Background Autoantibodies against SS-A/Ro include two specificities (anti-Ro52 and anti-Ro60). These are directed against different antigens. Sera with reactivity against Ro52 are usually precipitin negative and cannot be detected by SS-A/Ro native based ELISAs. This fact has generated a bias to the detection of Ro60 when classifying SS-A/Ro positive patients. Currently the idea that anti-Ro52 and anti-Ro60 should be considered as independent markers in connective tissue diseases (CTD) is gaining ground.

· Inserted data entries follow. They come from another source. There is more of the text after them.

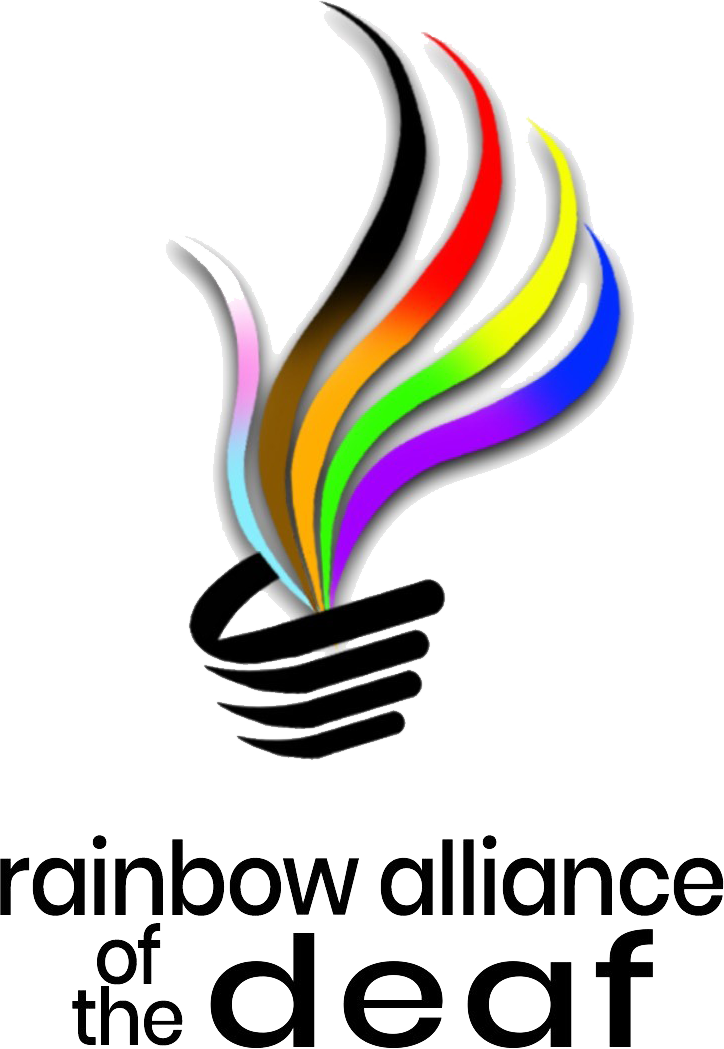Rainbow Alliance of the Deaf Logo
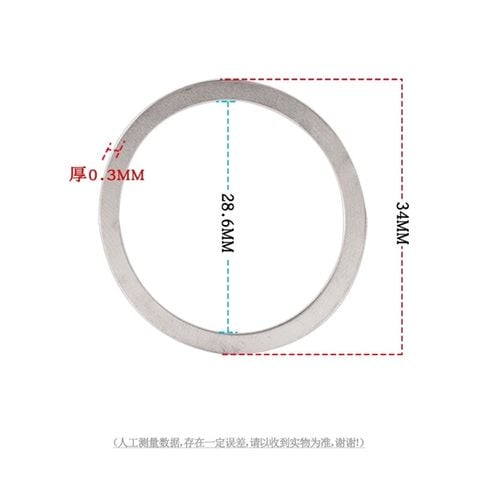 Vòng đệm mỏng chêm chén cổ 0.3mm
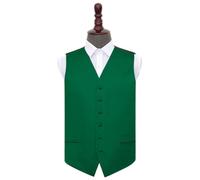 Emerald Green Plain Satin Wedding Waistcoat - 48"
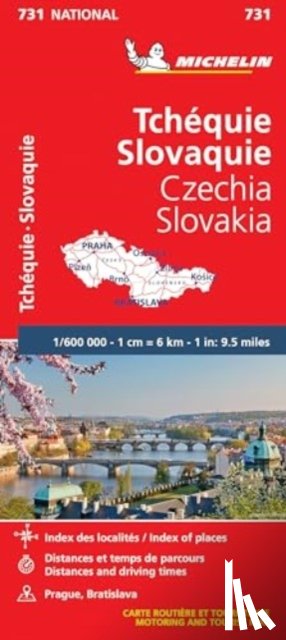 Michelin - Czech Republic, Slovak Republic - Michelin National Map 731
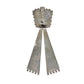Billy And Betty Betoney Navajo Neck Tie of Turquoise & Silver - Turquoise & Tufa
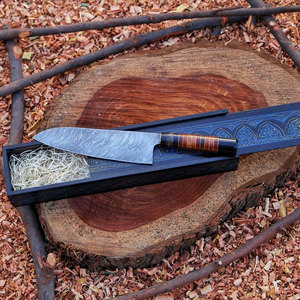 Couteau de cuisine en acier Damas avec manche durable pour la préparation des aliments et la cuisson des repas, couteau Damas de qualité supérieure - Product Image 6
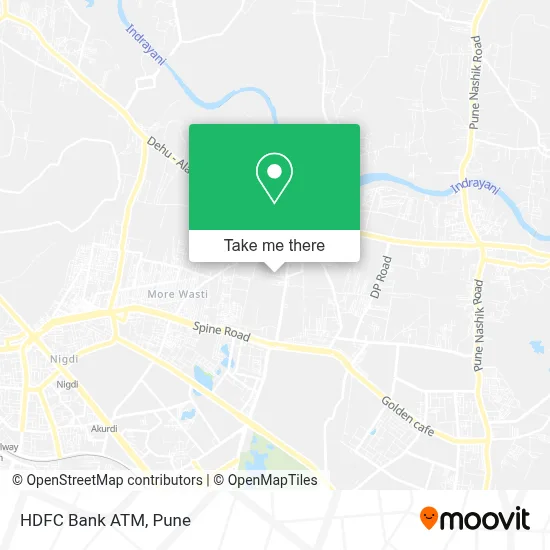 HDFC Bank Atm map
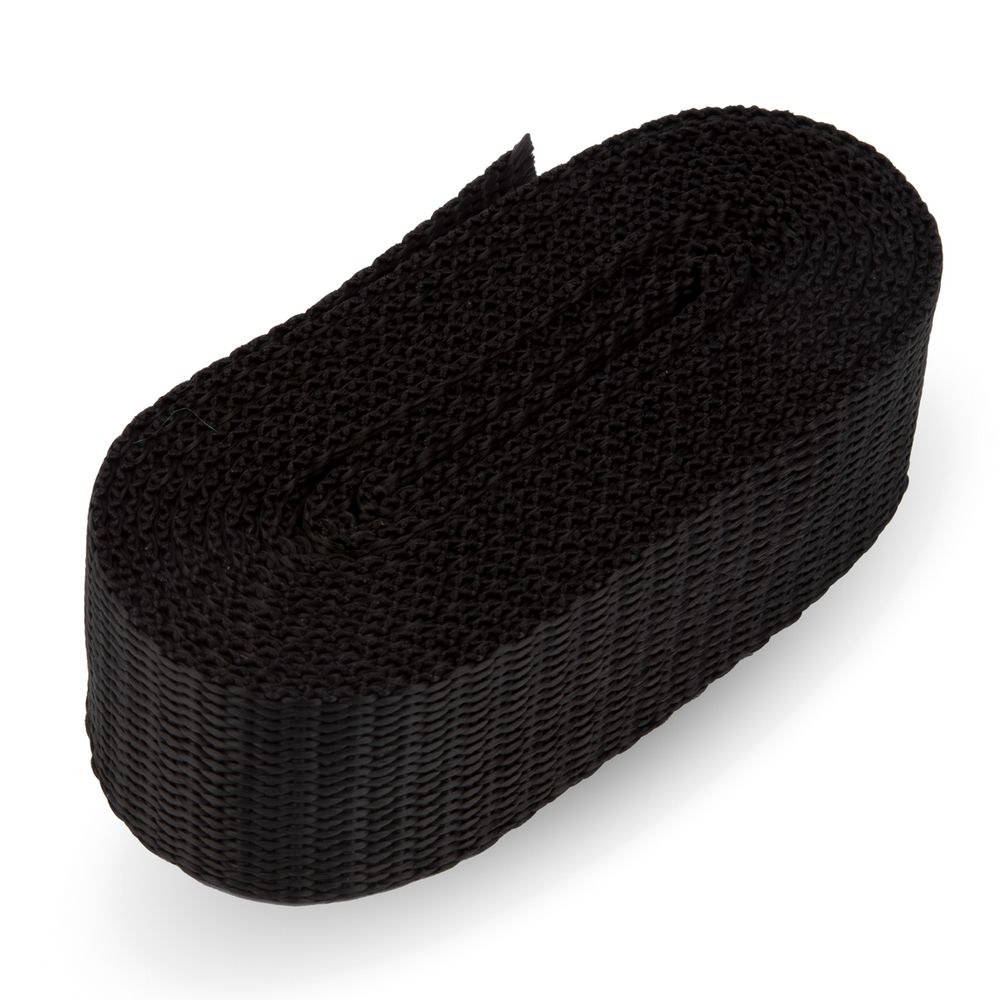 Стропа (ременная лента) 30 мм / 5х2.5 метра, фасовка, черный, 3713 (3075_3590)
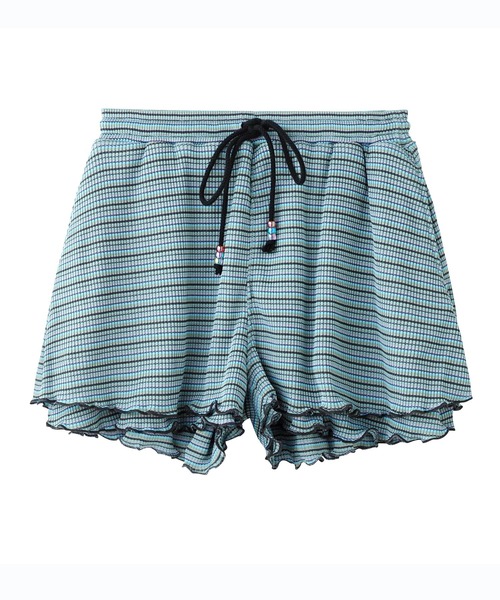 X-girl（エックスガール）の「EASY FLARE SHORT PANTS（その他パンツ・レディース・ライトブルー/ブラック/オレンジ・S/M）」の21枚目の写真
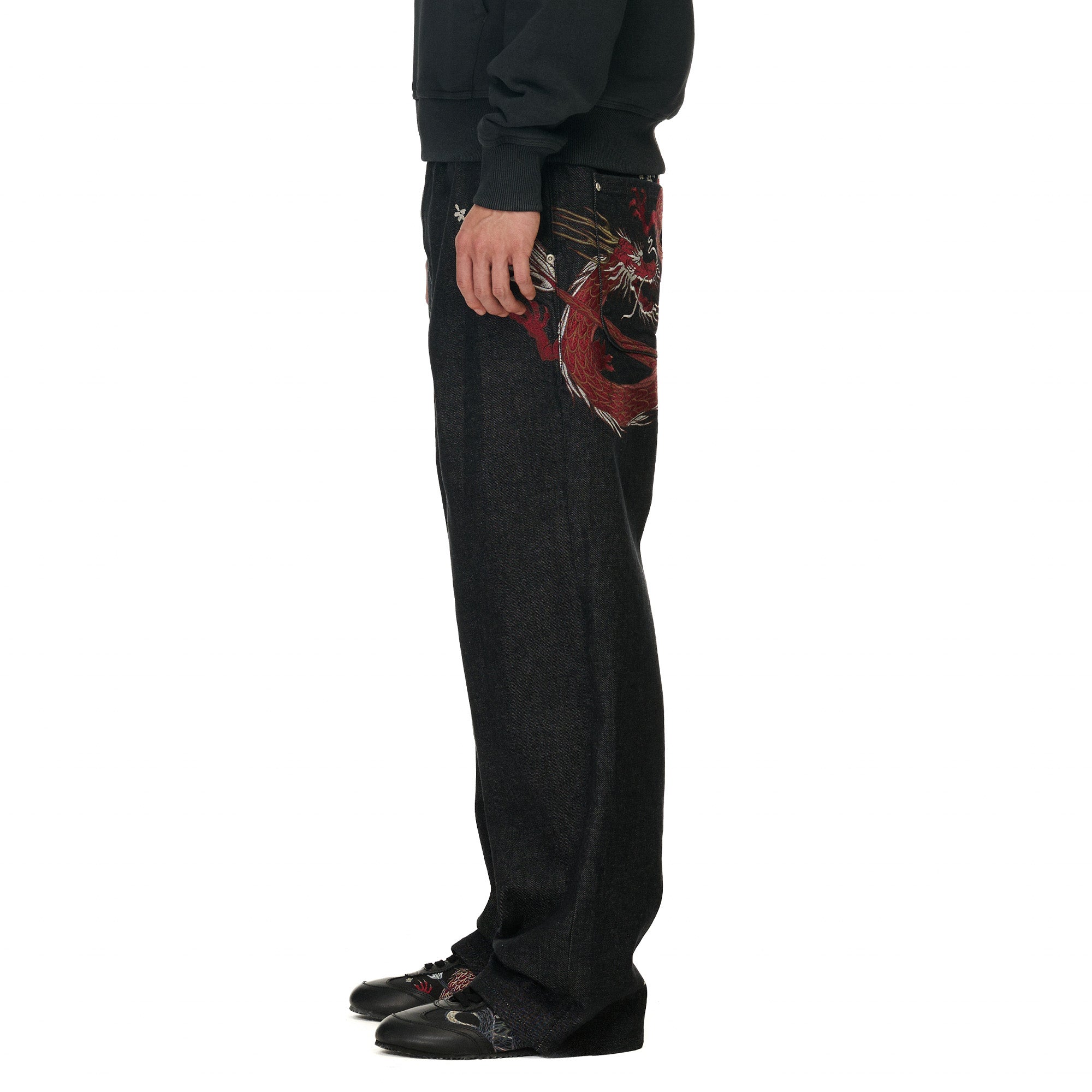 "yakuza" raw Denim black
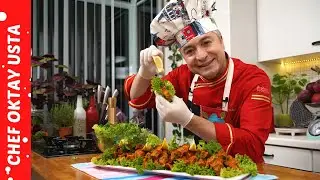 How to make Red Lentil Patties? I CHEF OKTAY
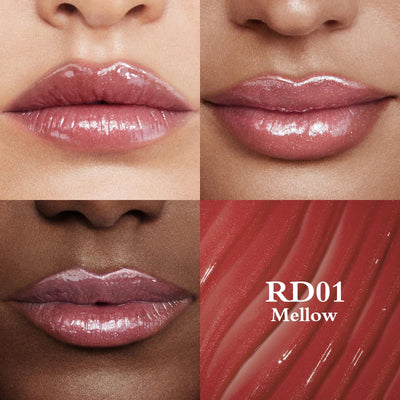 FOCALLURE Sparkling Gem Lip Plump, Hydrating & Volumizing Lip Plumper Gloss Balm, High-Shine Lip Plumping Pen, Plumps & Moisturizes, Vegan & Cruelty-Free, MELLOW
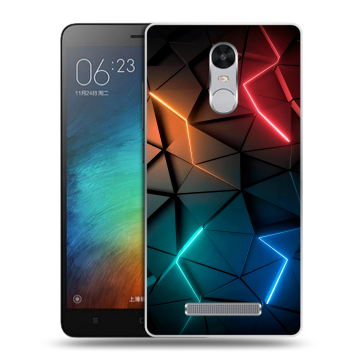 Пластиковый чехол на Xiaomi RedMi Note 3 с принтом Абстракция неон Пластиковый чехол на Xiaomi RedMi Note 3 с принтом Абстракция неон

Objectives To correlate the detection of antibodies against Ro52 and/or Ro60 and the development of an organ specific clinical pattern in patients with CTD

Methods Design retrospective (1999-2012). Type of center: University academic center with a referral area of 800.000 inhabitants (HUGTiP). Sera from patients with CTD from HUGTiP where tested for SS-A/Ro specificities by ELISA (Orgentec) and inmunoblot (Innolia). Medical records of all the patients with positivity for one of the specificities in at least one occasion were analyzed. In addition demographic, immunological and clinical data of the patients with systemic lupus erythematosus (SLE), Sjögren syndrome (SS), systemic sclerosis (SSc) or poly-dermatomyositis (PM-DM) were recorded.

Results Data from 347 patients (299 women and 48 men) with positive serum were collected. Mean follow up 7.1 year (0-12.8 years). Of those, 151 presented reactivity only against Ro52 (Ro52+), 34 against Ro60 (Ro60+) and 162 against bothspecificities (Ro52+Ro60+). The associated diagnoses were: SLE (n=99), SS (n=57), PM-DM (n=15), SSc (n=20), undifferentiated connective tissue diseases (n=12), inflammatory arthropathy (n=20; rheumatoid arthritis=9) and liver diseases (n=34; VHC=21 and autoimmune liver diseases=13). Finally, 30 patients wereunclassified.

Ro 52+ patients included SLE (16%, n=24), SS (11%, n=17), SSc (12%, n=18) and PM-DM (10%, n=15). While Ro52+Ro60+ included mainly SLE (37%, n=60) and SS (27%, n=43) but also SSc (2%, n=3) and PM-DM (0.5%, n=1). Finally Ro60+ included only SLE (44%, n=15) and SS (6%, n=2).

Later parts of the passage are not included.